Sometimes I feel like I'm not a human at all, but a train that can only keep moving forward according to a set track. You can't be slow, you can't be fast, you can't make mistakes, you can't regret it, every step in life must be perfect, as if once there is a spread pool, this life is over.

The social environment has always taught people that only by working hard, being aggressive, only by being dedicated, indomitable, and only by enduring hardships can they become masters... Under the coercion of this social environment, sometimes people forget to think: What do I want?

Starlight lives up to passers-by, but it also doesn't fail moon watchers

Perhaps we should all stop and think about whether we want admiration or inner peace and contentment.

Although I can understand that people are in an anxious environment, and they will unconsciously become anxious and involuntarily, I would like to say that if you are tired and unhappy in this environment, you might as well escape and introspect.

Sometimes when you are struggling with whether to choose the answer that satisfies everyone or only yourself, you should let go of the pressure of the environment and imagine what your heart really wants.

At this time, some people may think in their hearts: Am I too naïve to think about these things? But I'm telling you, it's not naïve, it's real maturity.

"Self-differentiation".

In the psychological dimension, this kind of internal friction of two thoughts in one's own heart is called "self-differentiation" of people.

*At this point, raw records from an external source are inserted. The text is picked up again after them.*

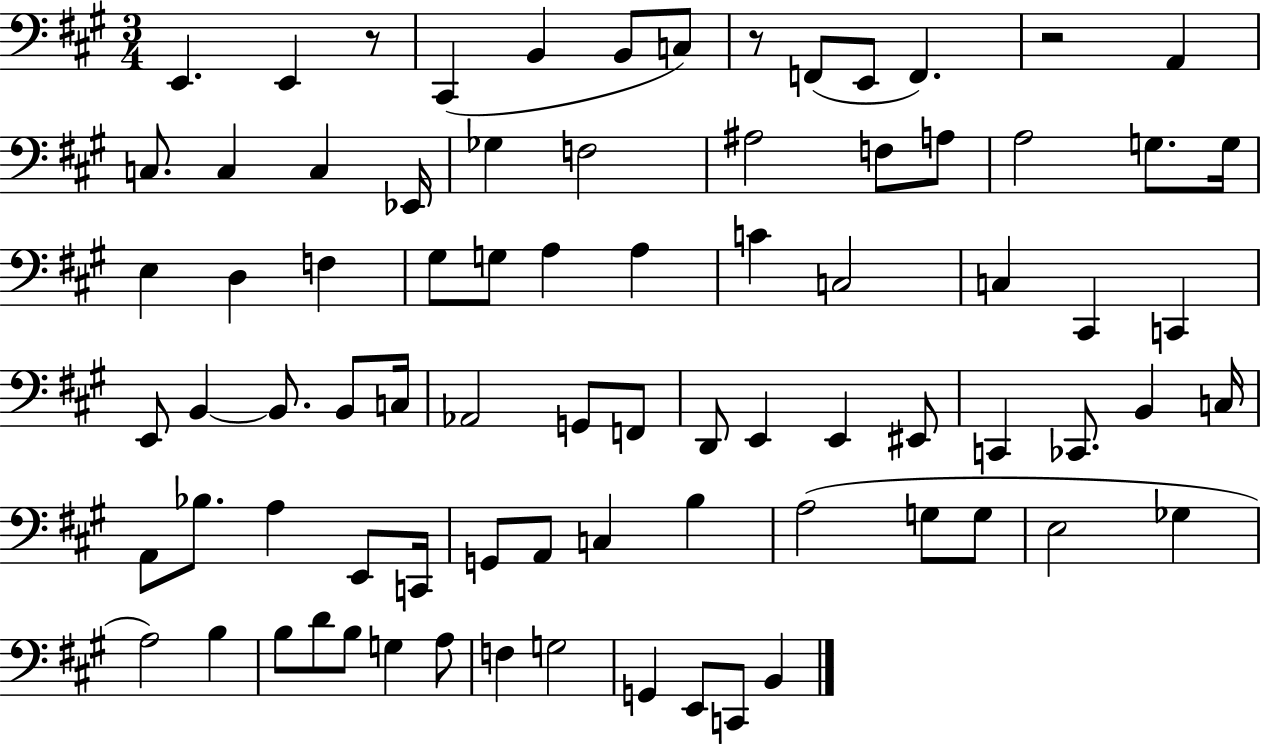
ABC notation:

X:1
T:Untitled
M:3/4
L:1/4
K:A
E,, E,, z/2 ^C,, B,, B,,/2 C,/2 z/2 F,,/2 E,,/2 F,, z2 A,, C,/2 C, C, _E,,/4 _G, F,2 ^A,2 F,/2 A,/2 A,2 G,/2 G,/4 E, D, F, ^G,/2 G,/2 A, A, C C,2 C, ^C,, C,, E,,/2 B,, B,,/2 B,,/2 C,/4 _A,,2 G,,/2 F,,/2 D,,/2 E,, E,, ^E,,/2 C,, _C,,/2 B,, C,/4 A,,/2 _B,/2 A, E,,/2 C,,/4 G,,/2 A,,/2 C, B, A,2 G,/2 G,/2 E,2 _G, A,2 B, B,/2 D/2 B,/2 G, A,/2 F, G,2 G,, E,,/2 C,,/2 B,,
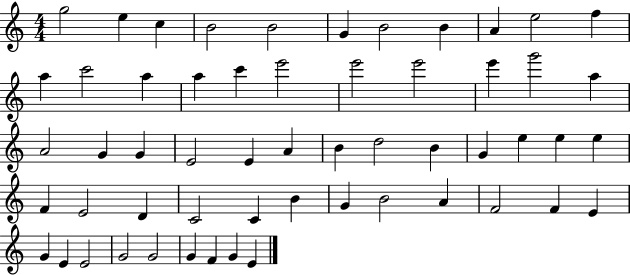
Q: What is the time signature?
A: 4/4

After self-differentiation, people will produce two kinds of selves:

One is the functional self, that is, the "social mask" that is worn in order to adapt to society; One is the true self, that is, the most authentic appearance of a person after taking off the "social mask".

And a truly mature person is not what others say, but is able to make a good balance between the self that the society hopes for and the true self.

Only by insisting on yourself can you truly balance the relationship between the expectations of others and your own needs.

See who you really are

Just like when you visit and are very unwell, the company leaders want to go to a dinner, and see that your colleagues are gone, and you will seem to be unsociable if you don't go, if you go and can't refuse drinks and drinks, you can't refuse to talk and laugh, and you are tired when you get home, but no one seems to know how much discomfort you endure for the dinner.

But if you choose not to go at first, you will get into the quilt, wrap yourself tightly in the quilt, find a comfortable position, sigh deeply, the quiet walls will not give you any response, and the noise outside the window seems to completely separate from you. After that, you slept until dawn, and the next morning watched the ** taken by your colleagues together, expressing to your colleagues that you were unwell last night and regretted not participating.

How do you feel about these imaginations? If you feel a little calm, it is as if a gap has opened in the dark life, and light has spilled in, dispelling some anxiety and tension. Then, you feel the "moonlight" of the spiritual world.

I've said a lot, but I don't know if you're going to be able to read what I'm saying. I think what I'm trying to say is that when you're being swayed by society's gaze and your true self, don't rush to make a decision, you might as well get out of the gaze and coercion and look at yourself.